Pictures stay out of the copy. Retype exactly the lines below from the one with "00s Eddie Bauer" through the one with "Detail of Poster".
....................
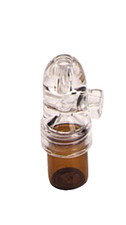 Plastic & Glass Amber Bullet Tobacco Snuffs | Small | Clear picture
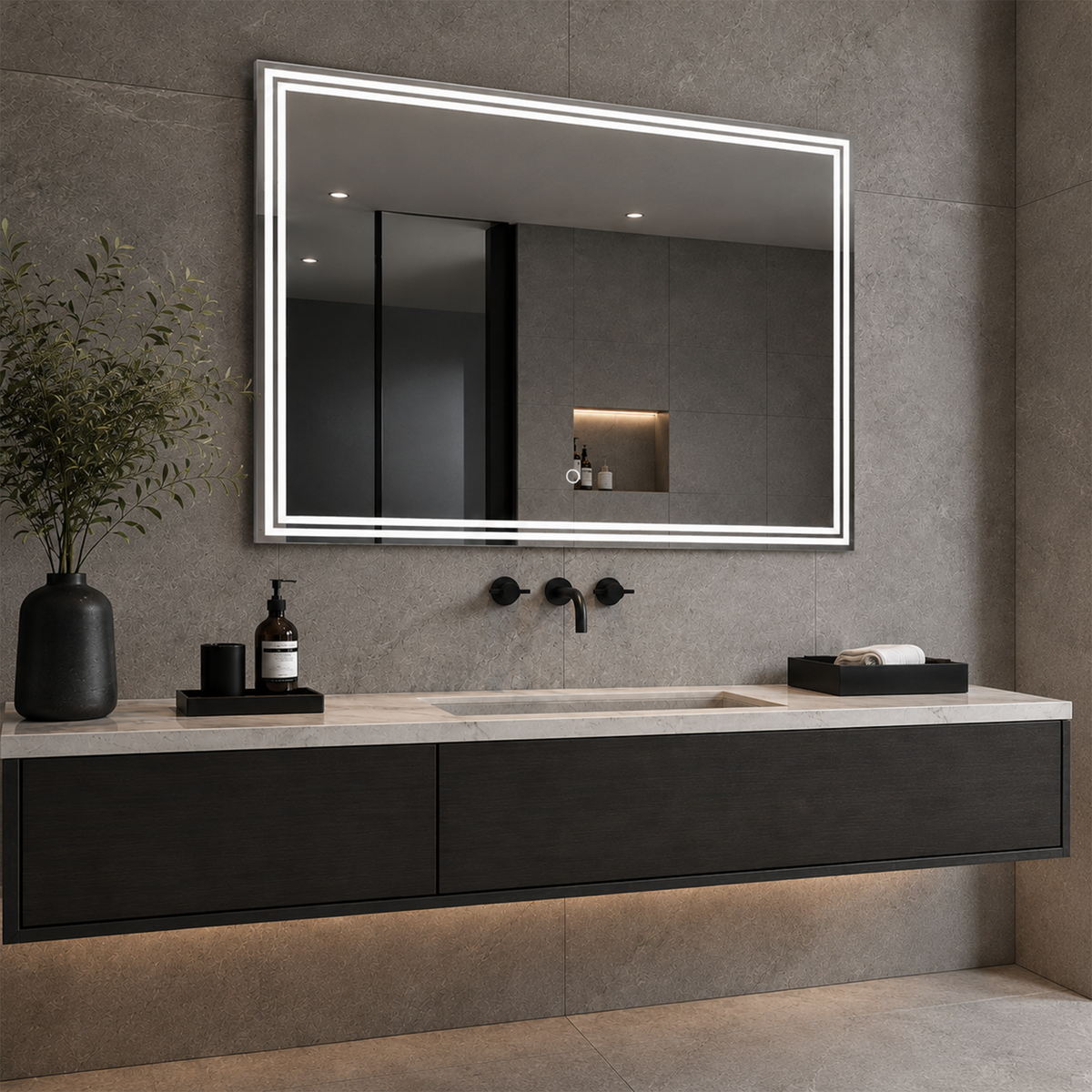 Luna 47'' Polished Edge Back-lit LED Mirror for Bathroom Vanity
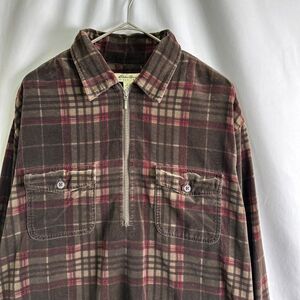 00s Eddie Bauer ハーフジップ ベロア チェック シャツ L-XL ビッグサイズ プルオーバー ポロ エディーバウアー 90s オールド ビンテージ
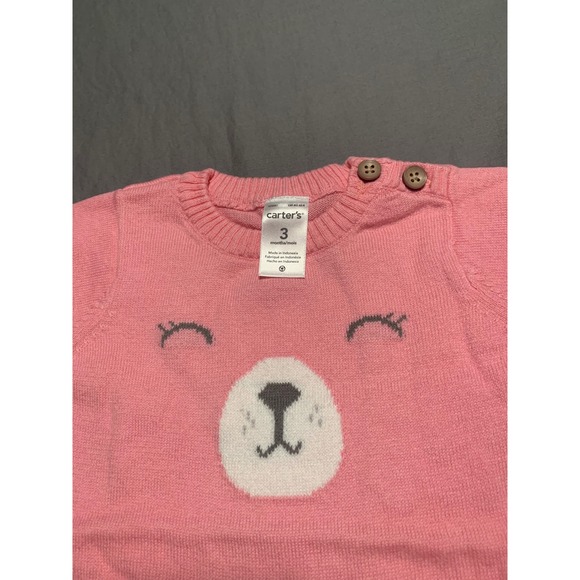Carters Baby Girls Pink Bear Knit Jumpsuit Romper Sweater One Piece 3M NEW - Picture 2 of 4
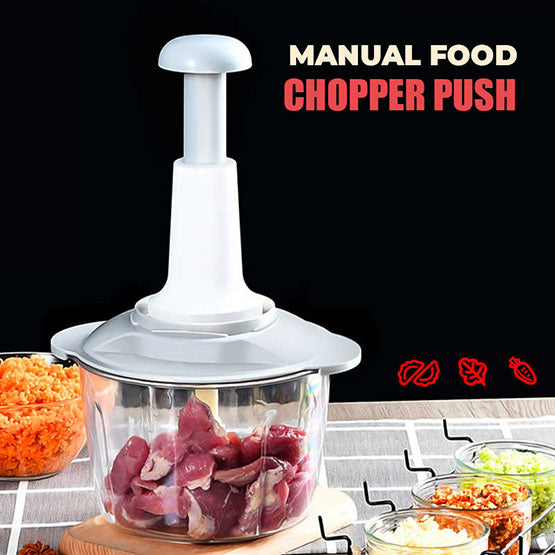 Double Blade Hand Push Chopper & Meat Mincer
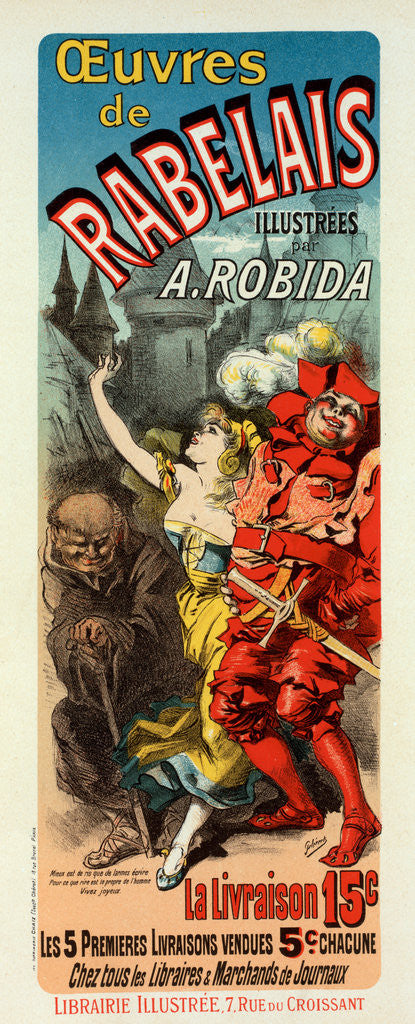 Detail of Poster for oeuvres de Rabelais by Jules Chéret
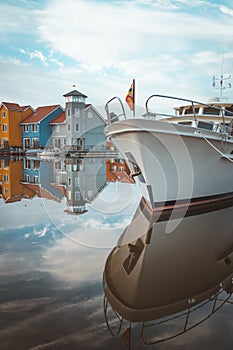 Boat in the Reitdiep Harbour in Groningen, the Netherlands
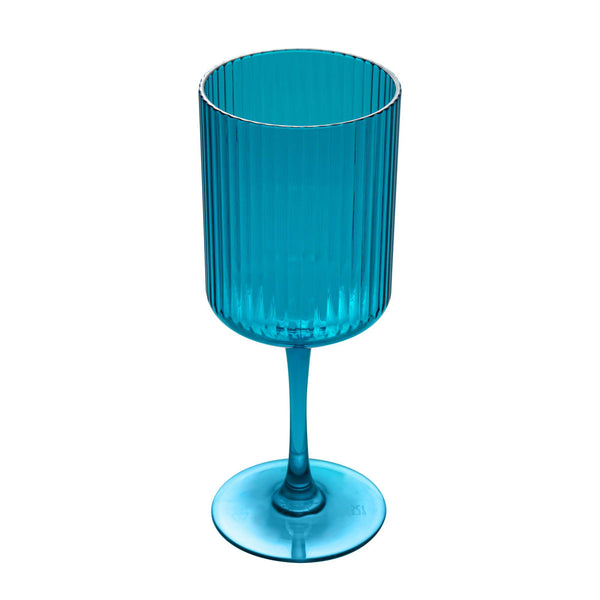 Restaurantware Bev Tek 12 Oz Blue SAN Plastic Wine Glass - 48 Count Box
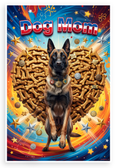 Dog Mom Belgian Malinois Dog Bone Heart Patriotic 12x18 US Made Poster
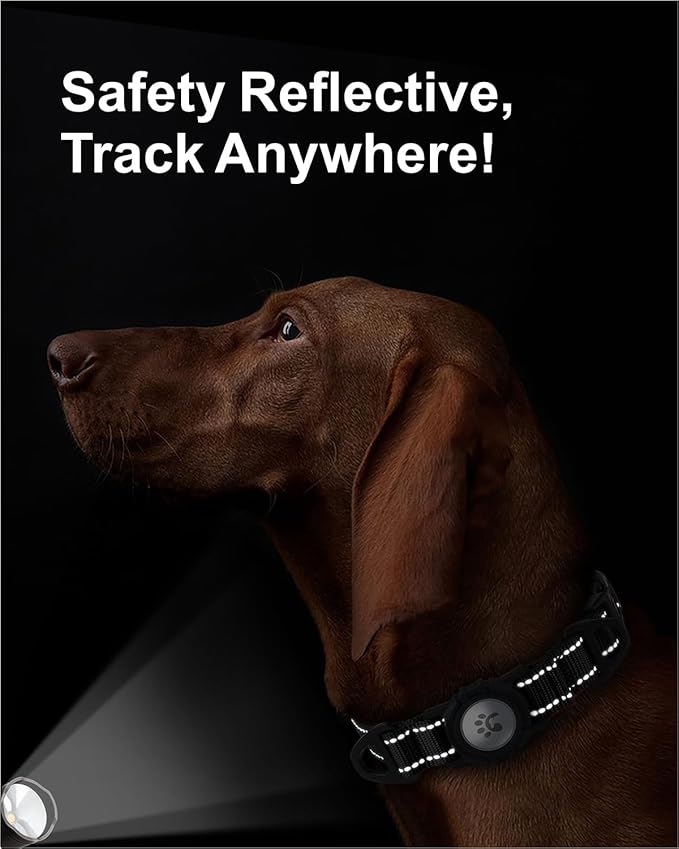 TagME Airtag Dog Collar,Waterproof Reflective Pet Collar with Airtag Holder,Soft Padded and Double D-Rings for Extra Large Dogs,Black-Mewly Pet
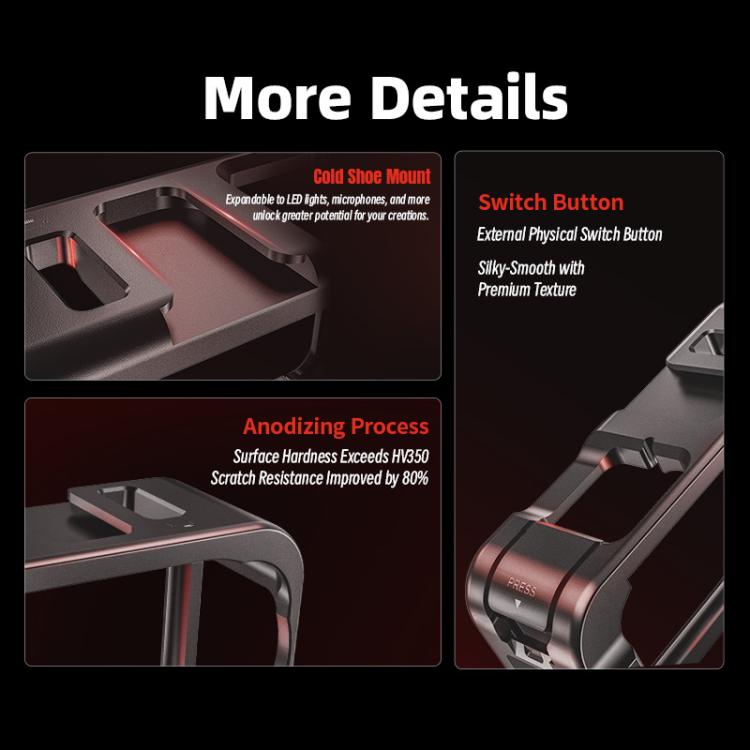 Estructura metálica STARTRC con zapata fría para DJI Osmo Action 6, For DJI Osmo Action 6 Metal Cage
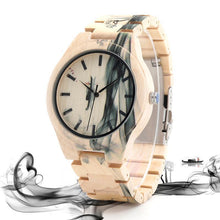 Maple Wood Watch for Men Pine Band Top Brand Luxury Wash Painting Chinoiserie Quartz Watches in Wooden Box OEM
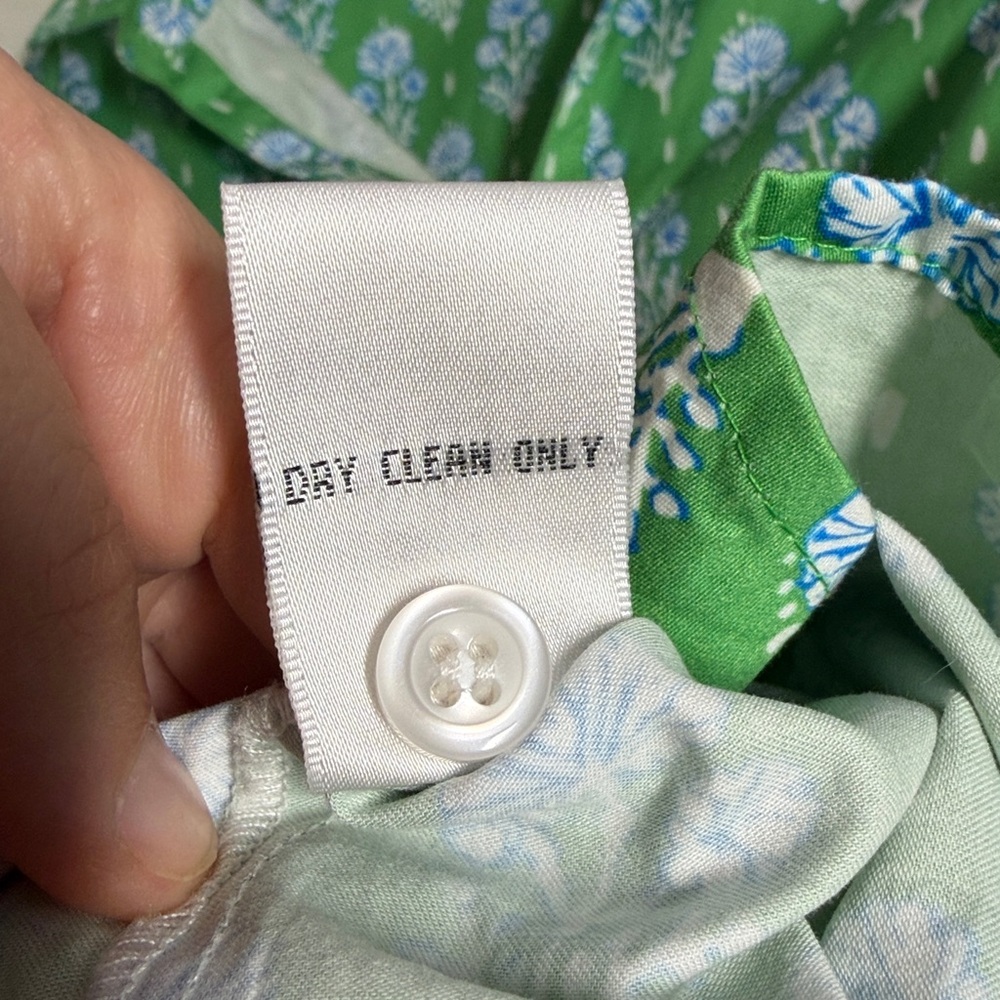 Patty Kim Morgan Top Green Blue Floral Button Down Puff Sleeve Top Medium - Picture 6 of 6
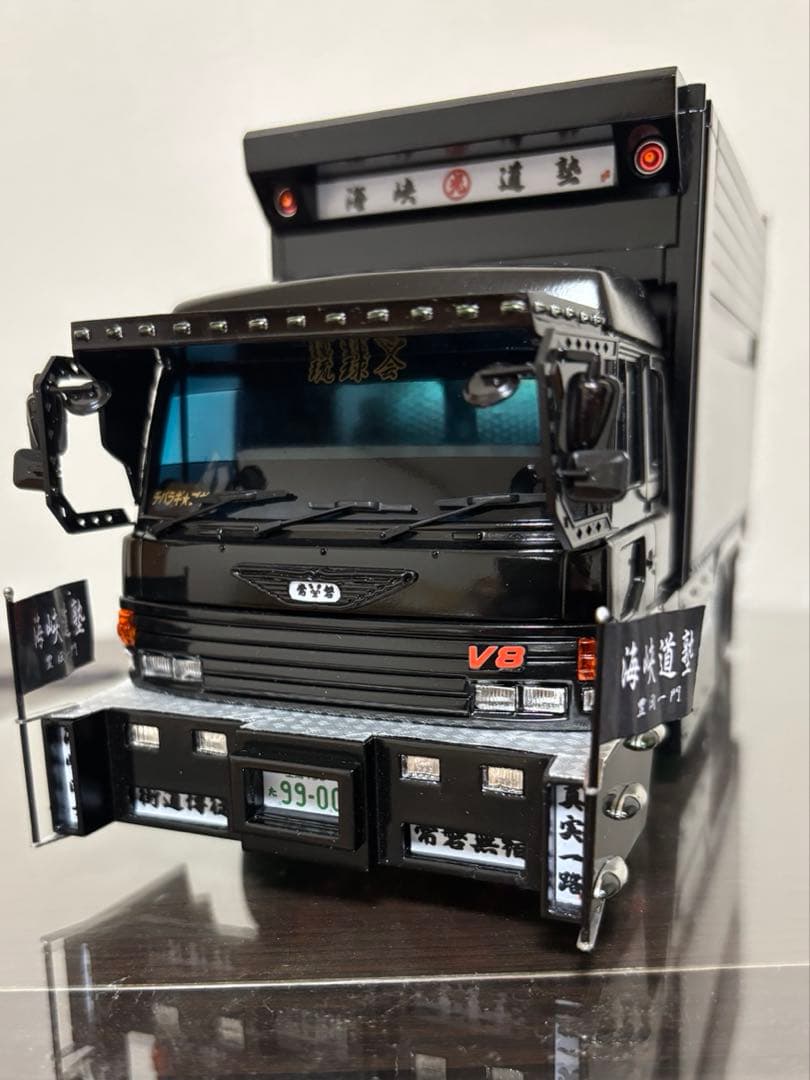 デコトラプラモデル アオシマ 1/32 海峡道塾 怒濤 完成品 デカ箱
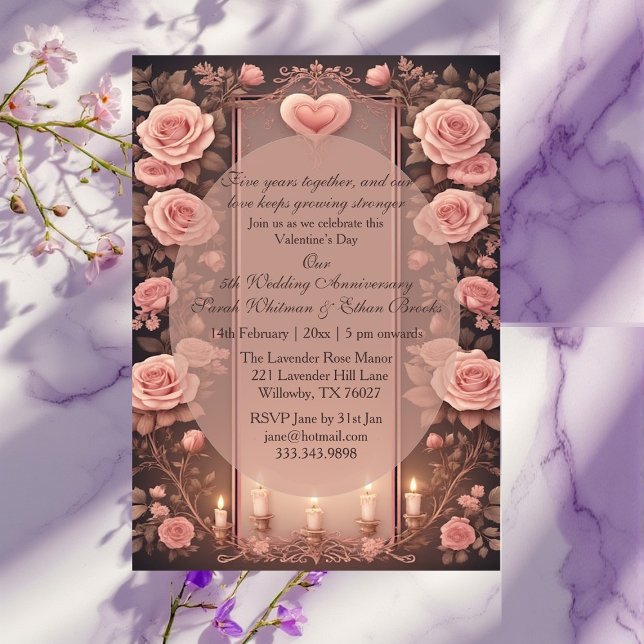 Valentines 5th Wedding Anniversary Burgundy Roses  Einladung (Valentines 5th Wedding Anniversary Burgundy Roses Invitation)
....................
_Exercise answer_
 00s Eddie Bauer ハーフジップ ベロア チェック シャツ L-XL ビッグサイズ プルオーバー ポロ エディーバウアー 90s オールド ビンテージ
Carters Baby Girls Pink Bear Knit Jumpsuit Romper Sweater One Piece 3M NEW - Picture 2 of 4
 Double Blade Hand Push Chopper & Meat Mincer
 Detail of Poster for oeuvres de Rabelais by Jules Chéret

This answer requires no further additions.